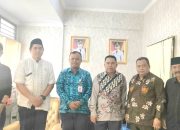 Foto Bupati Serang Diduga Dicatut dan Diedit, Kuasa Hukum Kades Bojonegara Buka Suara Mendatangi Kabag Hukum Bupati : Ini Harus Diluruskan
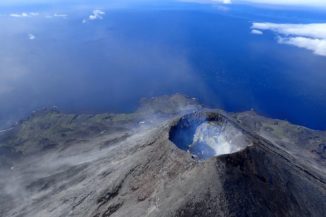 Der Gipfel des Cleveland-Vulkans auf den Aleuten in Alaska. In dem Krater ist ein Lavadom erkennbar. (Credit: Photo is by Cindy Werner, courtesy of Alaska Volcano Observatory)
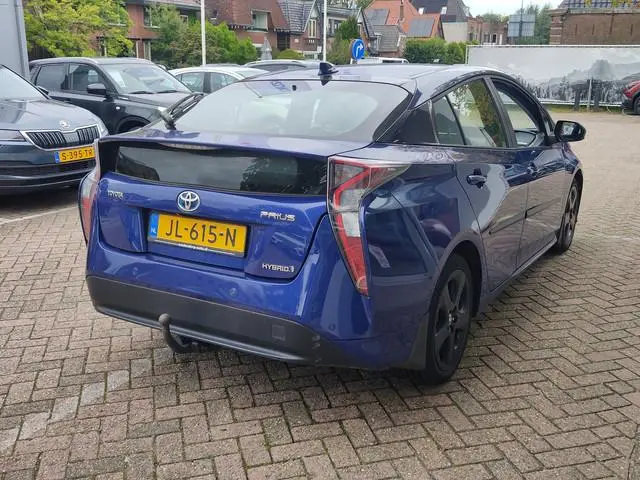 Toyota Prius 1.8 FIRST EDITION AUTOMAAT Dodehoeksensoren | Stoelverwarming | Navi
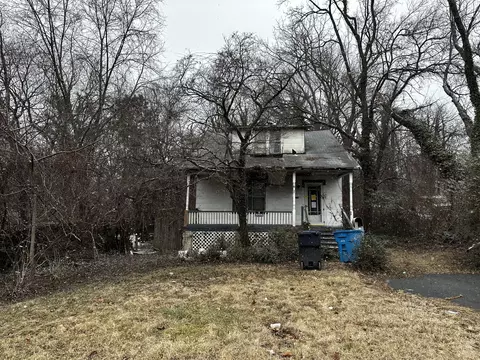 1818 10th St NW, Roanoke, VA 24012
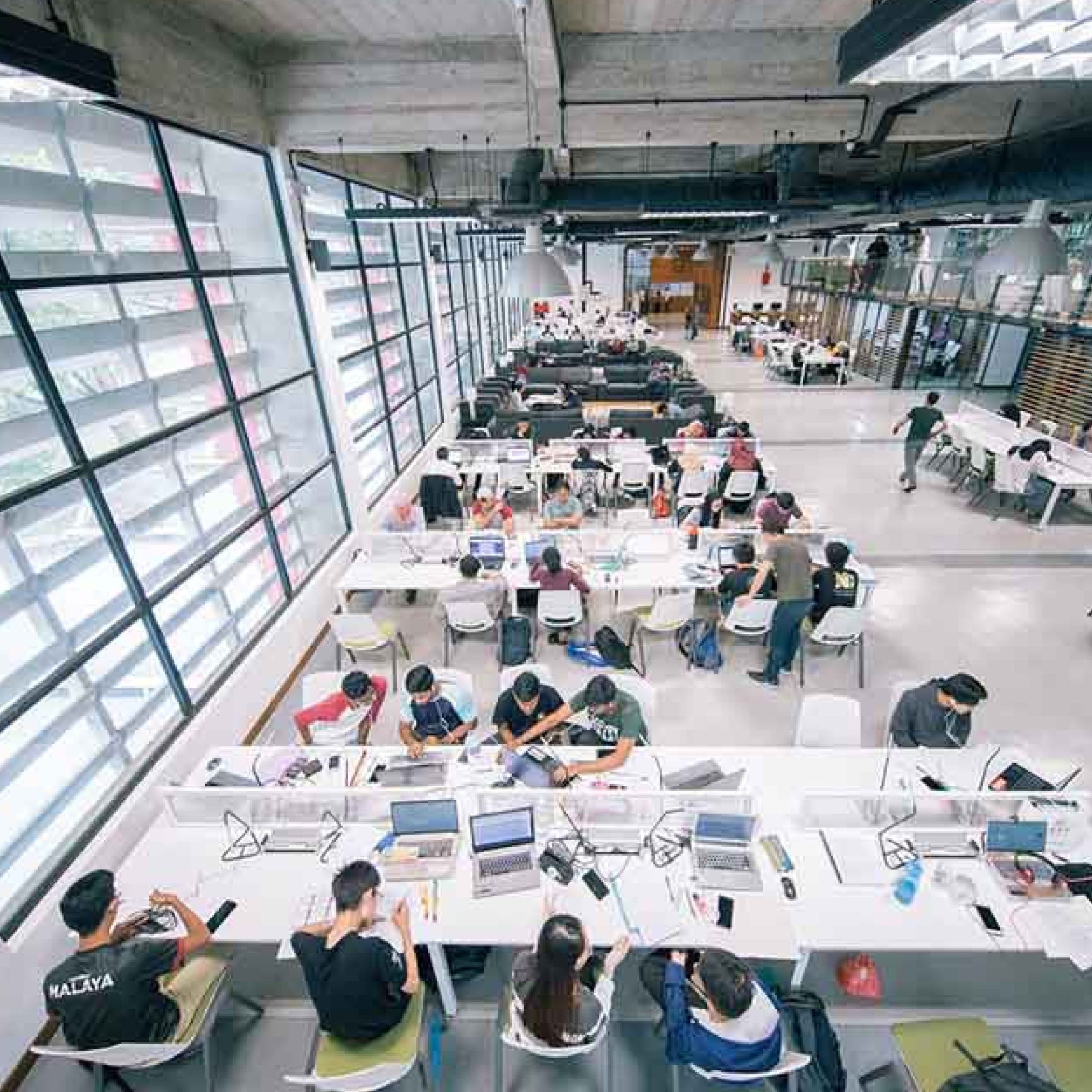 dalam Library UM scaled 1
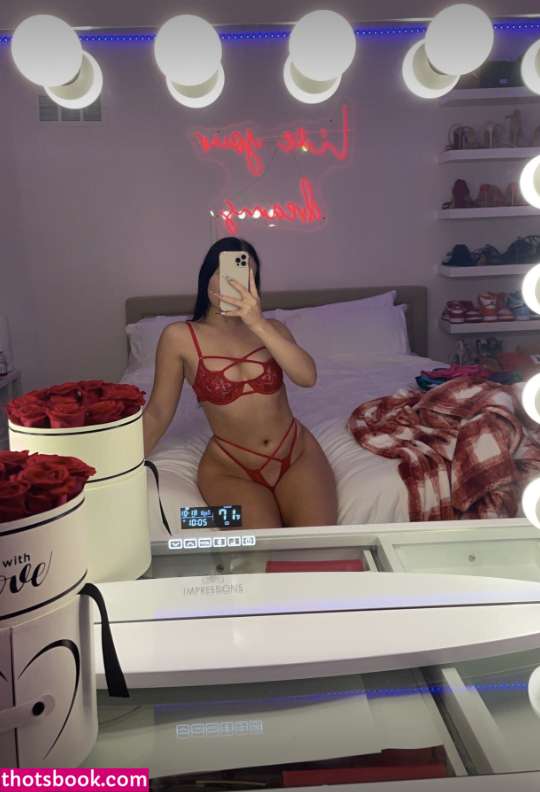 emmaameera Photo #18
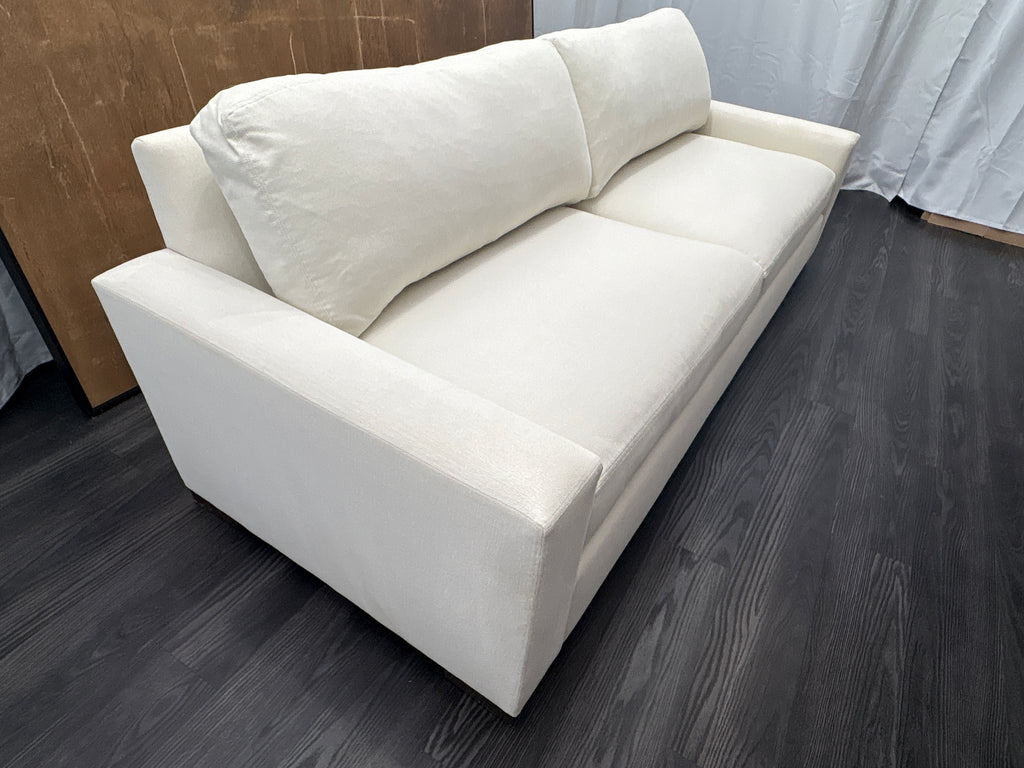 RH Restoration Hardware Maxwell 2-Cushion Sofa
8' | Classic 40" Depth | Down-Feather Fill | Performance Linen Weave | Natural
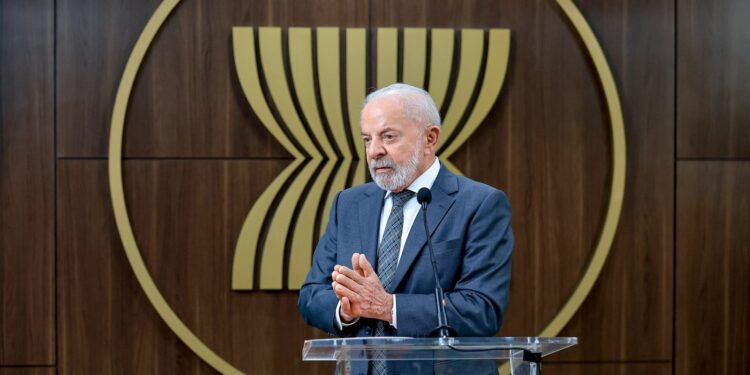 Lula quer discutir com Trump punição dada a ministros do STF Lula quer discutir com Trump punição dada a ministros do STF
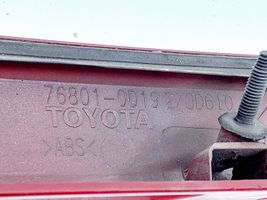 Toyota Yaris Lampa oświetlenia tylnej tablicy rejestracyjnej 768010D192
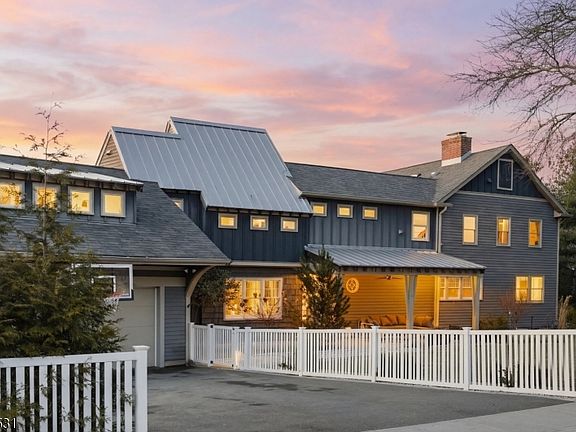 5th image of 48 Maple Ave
****************************************
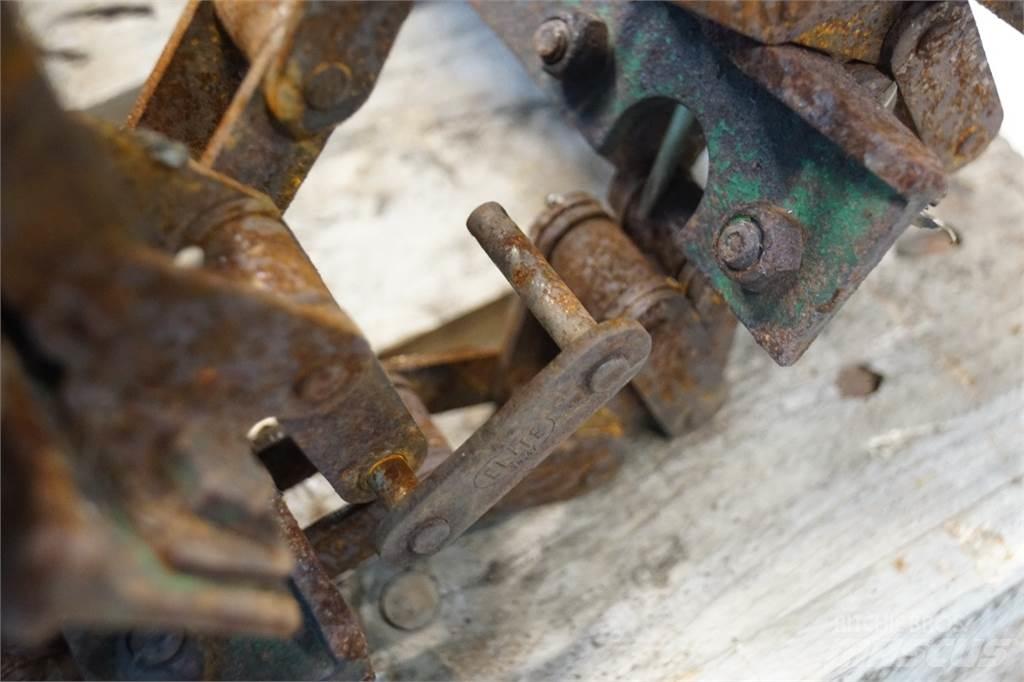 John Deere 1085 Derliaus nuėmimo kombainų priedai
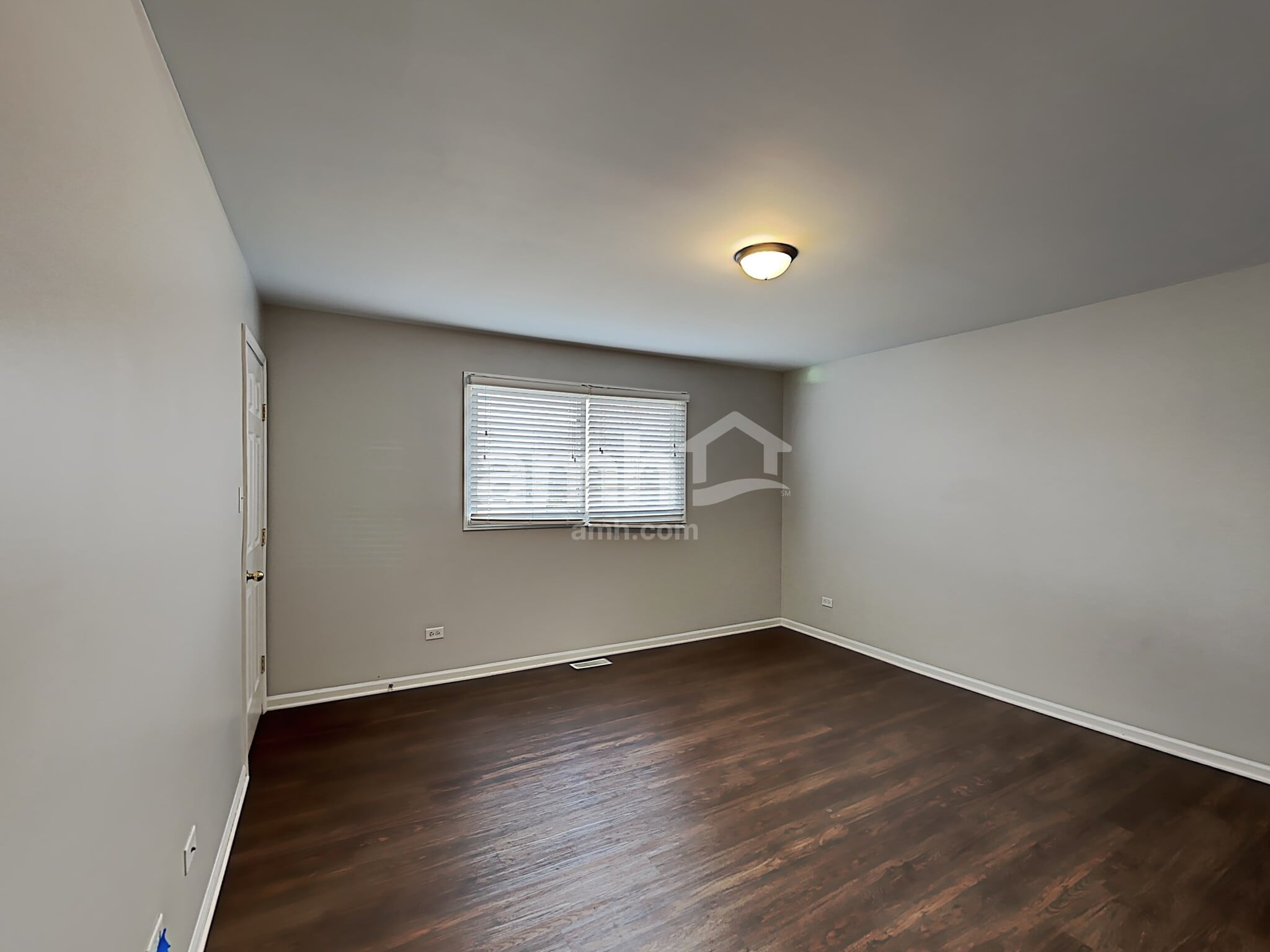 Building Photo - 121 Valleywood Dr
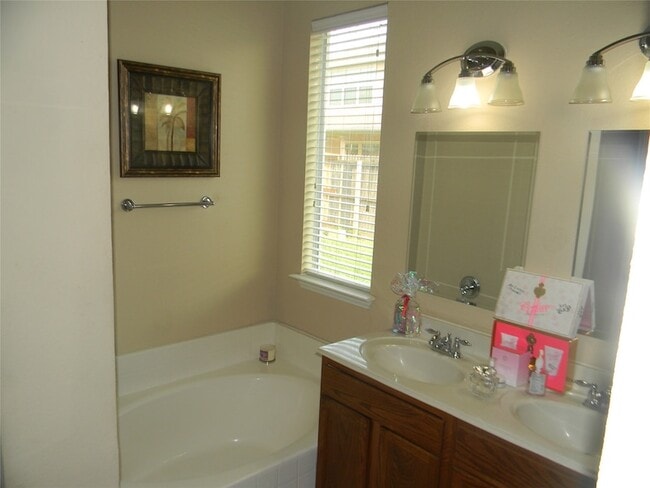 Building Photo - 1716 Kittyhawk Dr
****************************************
▸ WORK TO COMPLETE
Your copy should hold the lines from the one with "1818 10th St NW, Roanoke, VA 24012" up to and including the one with "5th image of 48 Maple Ave", exactly as in the data above, and no pictures.

▸ TASK ANSWER
 1818 10th St NW, Roanoke, VA 24012
 dalam Library UM scaled 1
 emmaameera Photo #18
 RH Restoration Hardware Maxwell 2-Cushion Sofa
8' | Classic 40" Depth | Down-Feather Fill | Performance Linen Weave | Natural
 Lula quer discutir com Trump punição dada a ministros do STF Lula quer discutir com Trump punição dada a ministros do STF
 Toyota Yaris Lampa oświetlenia tylnej tablicy rejestracyjnej 768010D192
 5th image of 48 Maple Ave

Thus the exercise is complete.